In the city, horse-drawn wooden carts weave through traffic jams alongside battered yellow-and-black taxis, tank-like SUV’s and flashy sports cars. Supporters say they are a useful adaptation to streets that are often buried in sand blown in from the nearby seashore, or for roads too narrow for trucks to get through.
The carts, or charrettes, as they are called in French, do the work of pickup trucks, hauling cement to construction sites and rice to grocery stores, and picking up household trash in places where garbage trucks cannot squeeze through.
The passenger version, the calèche, often carries women from the market to their homes, in neighborhoods where children play freely in the middle of the streets, knowing that cars would get stuck in the sand if they tried to get through.
They have long been banned from the city center, where the perimeter is marked by signs depicting horse-drawn carts with a slash through them.
Periodically, there is talk of barring them from more roads.
But in the suburb of Rufisque, many people defend them as part of Senegal’s cultural identity.
“The horse is a sacred animal in our cities,” said Sidy Mbaye, the secretary general of Rufisque, which has hundreds of working horse-drawn carts and no plans to ban them. “It accounts for why the president of the republic’s logo is a horse. Culturally, people love them.”
In Ngor, an affluent beachfront neighborhood of Dakar, there is an informal — local officials say clandestine — system of having the carts pick up household trash and take it to a nearby trash depot. Homeowners pay a modest monthly fee for this service, and avoid having to take the trash to the depot themselves.
When the police give the garbage carts tickets, the drivers put up their horses as collateral.
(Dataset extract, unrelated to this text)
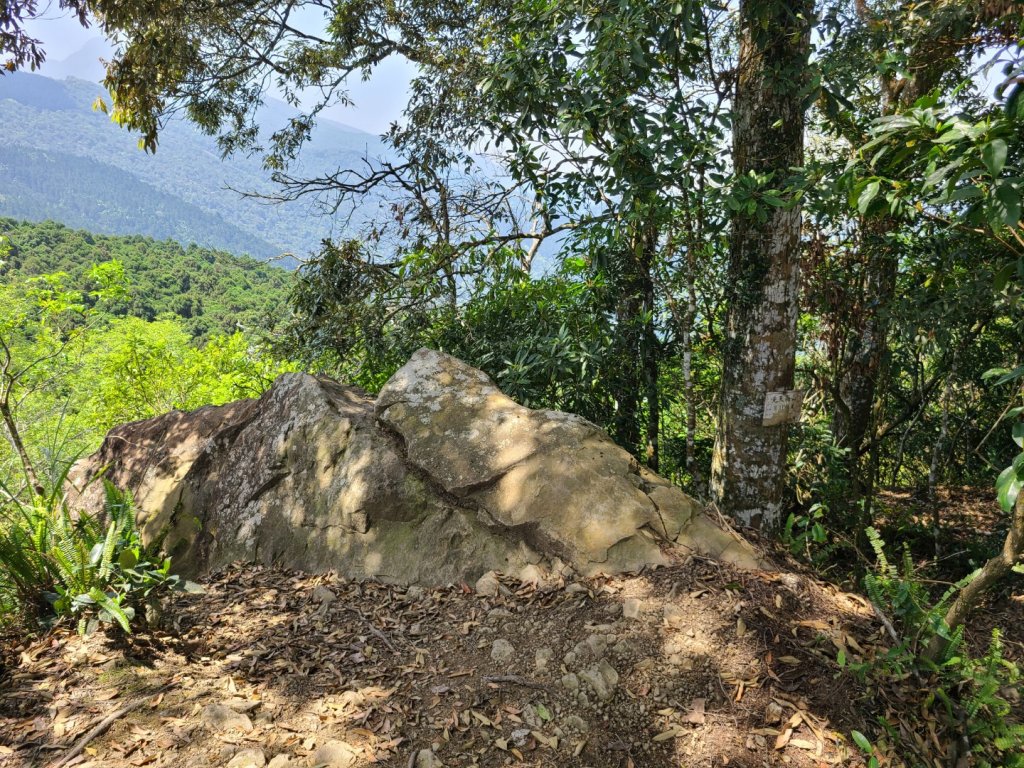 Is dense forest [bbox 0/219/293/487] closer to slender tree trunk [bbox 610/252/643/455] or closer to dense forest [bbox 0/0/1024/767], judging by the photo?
dense forest [bbox 0/0/1024/767]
After a day or two, the police, who are not equipped to take care of horses, are forced to release them.
But like Dakar more broadly, the neighborhood of Ngor is also considering a way to reduce reliance on the horse-drawn carts. There is a plan, still unfunded, to replace the carts with a fleet of municipal scooters, which would lug trash bins behind them. This approach would also provide employment for young people.
The uneasy coexistence between horse-drawn carts and development says a lot about Senegal’s ambivalence toward its rural past and its urban future.
For generations, horse-cart drivers have come from the Serer ethnic group, which still maintains strong ties to farming life.
They are people like Wague Diouf, who drives a horse cart on a garbage route in Ngor. His wife and five children live in his home village of Mbélakadiaw, in the Fatick region, and he returns there to see them once a month and to cultivate millet, peanuts and maize during the growing season. He grew up around horses and likes being able to enjoy a taste of the country life in the city.
In one indication of how precious his horse is to him, he calls the animal Toyota, and has fitted the horse with a hand-hammered harness ornament that looks something like the Toyota emblem. A previous horse was Bob Marley.
Mr. Diouf sees the handwriting on the wall.
“What is the future of these horses?” he mused. “Within a short time, this will be obsolete. We have to be willing to face it.”
He is trying to organize 500 of his fellow drivers in communities across the region to buy motorized rickshaws from China or India to replace the horse-drawn carts.
The shift is already underway in Diamniadio, an enormous planned development near the international airport, a showcase city connected to Dakar by a sleek highway and, coming soon, a high-speed rail line. The Senegalese government is moving many of its offices to Diamniadio from the congested downtown area.
There is talk, said Amadou Ndéné Ndoye, deputy head of mission at the Senegalese embassy in India, of deploying the Indian rickshaws to this city of the future, where they could ferry civil servants and others around the new government center.
As to whether horse-drawn carts might also find a place there, he did not hesitate. “No way,” Mr. Ndoye said. “It will be a modern city.”